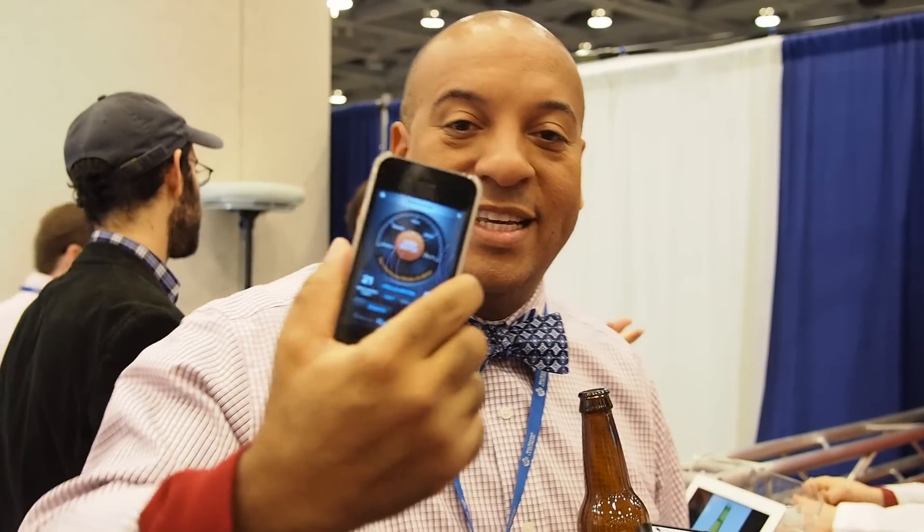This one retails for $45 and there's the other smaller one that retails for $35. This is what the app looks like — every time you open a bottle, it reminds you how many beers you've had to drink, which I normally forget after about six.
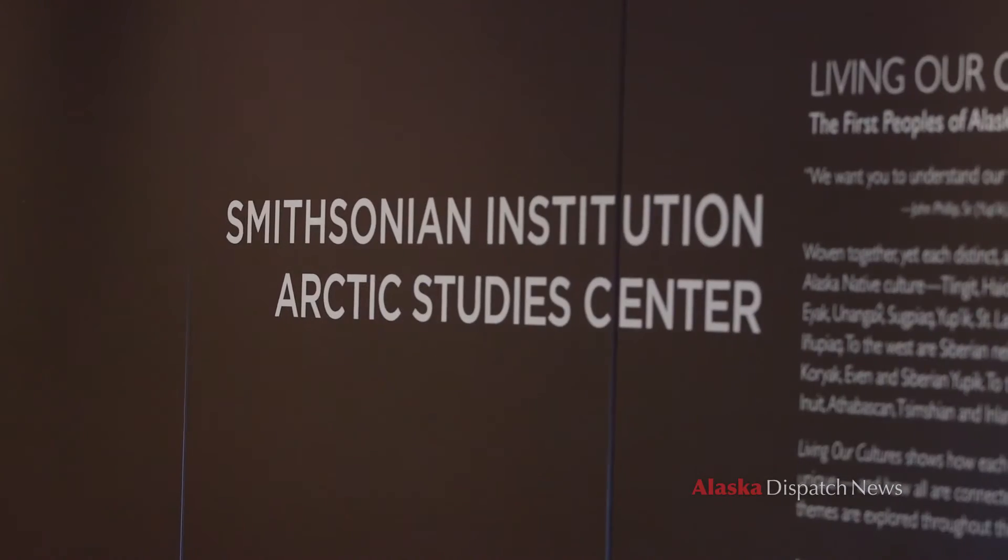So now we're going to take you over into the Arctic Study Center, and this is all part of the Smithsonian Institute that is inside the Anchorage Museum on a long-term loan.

==*==

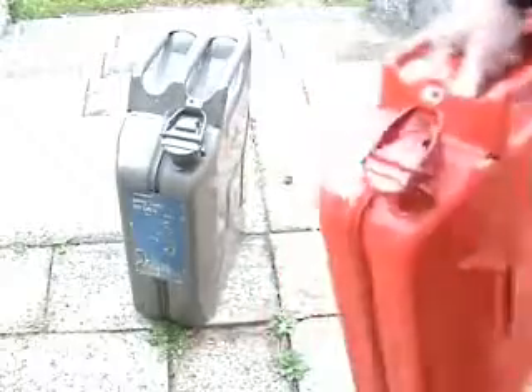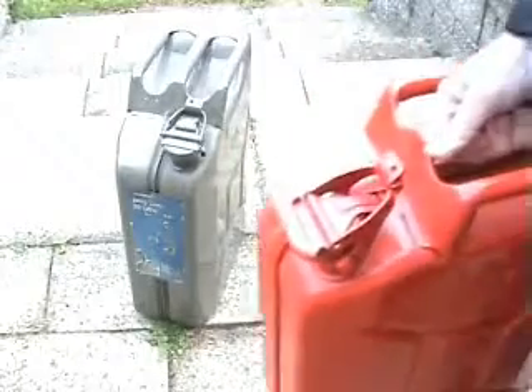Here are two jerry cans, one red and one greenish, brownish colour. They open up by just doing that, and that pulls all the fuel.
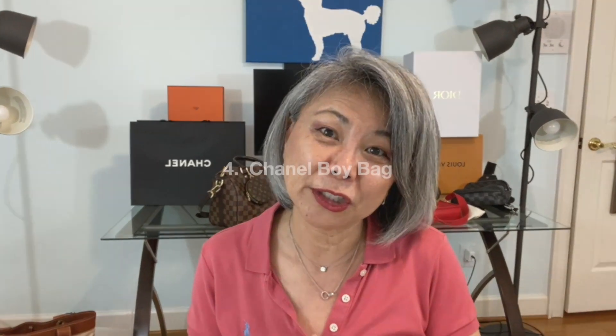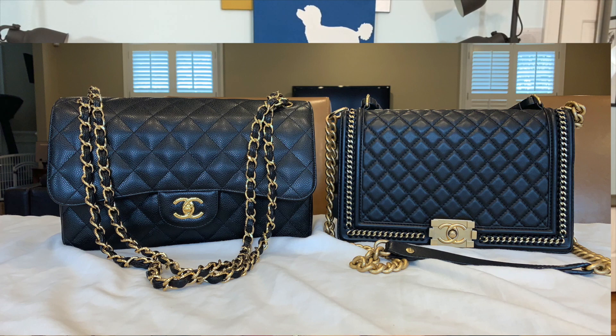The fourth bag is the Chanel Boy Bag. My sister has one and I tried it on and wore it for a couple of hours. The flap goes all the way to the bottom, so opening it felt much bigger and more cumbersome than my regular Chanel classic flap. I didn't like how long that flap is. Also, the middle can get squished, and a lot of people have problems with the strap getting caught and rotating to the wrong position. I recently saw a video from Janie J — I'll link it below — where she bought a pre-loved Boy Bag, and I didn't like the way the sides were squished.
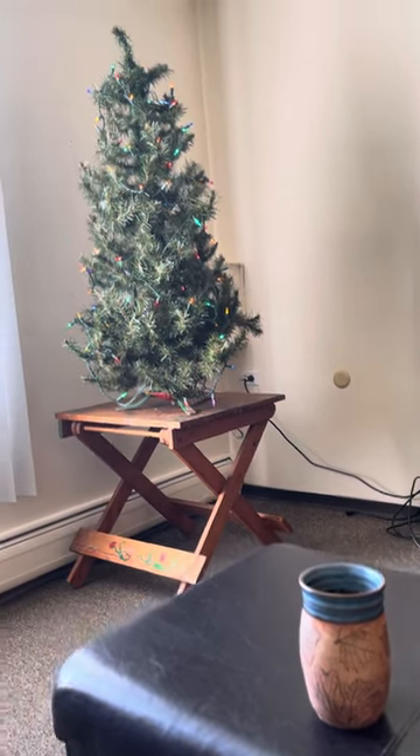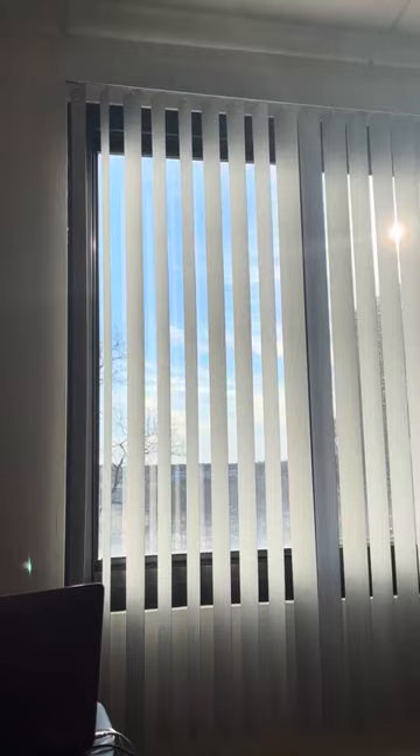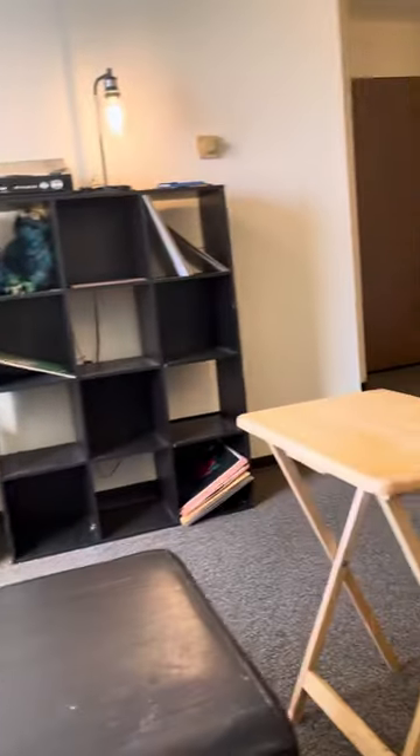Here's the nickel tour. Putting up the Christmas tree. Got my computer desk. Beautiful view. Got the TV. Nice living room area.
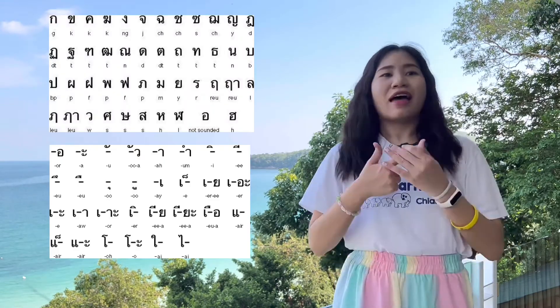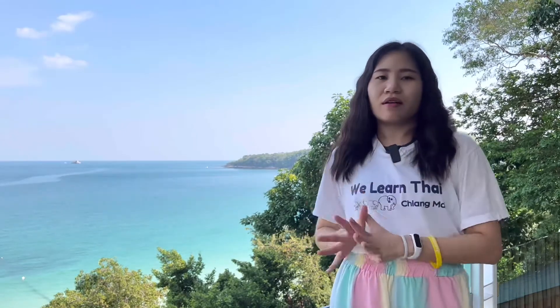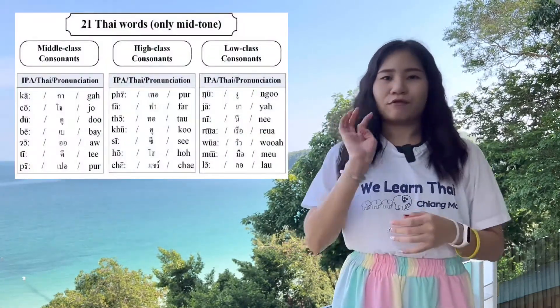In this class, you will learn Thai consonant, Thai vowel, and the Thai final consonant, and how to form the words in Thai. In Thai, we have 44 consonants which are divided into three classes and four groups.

==*==

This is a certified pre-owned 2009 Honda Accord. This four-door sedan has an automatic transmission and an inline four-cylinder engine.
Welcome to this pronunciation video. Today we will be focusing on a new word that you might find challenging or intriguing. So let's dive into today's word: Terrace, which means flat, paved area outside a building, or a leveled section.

==*==

### [Instructions for the task]
In the records above, everything from the line with "Here are two" down to the line with "Here's the nickel" must be duplicated exactly, both lines kept. Leave no pictures in.

### [Response area]
Here are two jerry cans, one red and one greenish, brownish colour. They open up by just doing that, and that pulls all the fuel.
The fourth bag is the Chanel Boy Bag. My sister has one and I tried it on and wore it for a couple of hours. The flap goes all the way to the bottom, so opening it felt much bigger and more cumbersome than my regular Chanel classic flap. I didn't like how long that flap is. Also, the middle can get squished, and a lot of people have problems with the strap getting caught and rotating to the wrong position. I recently saw a video from Janie J — I'll link it below — where she bought a pre-loved Boy Bag, and I didn't like the way the sides were squished.
Here's the nickel tour. Putting up the Christmas tree. Got my computer desk. Beautiful view. Got the TV. Nice living room area.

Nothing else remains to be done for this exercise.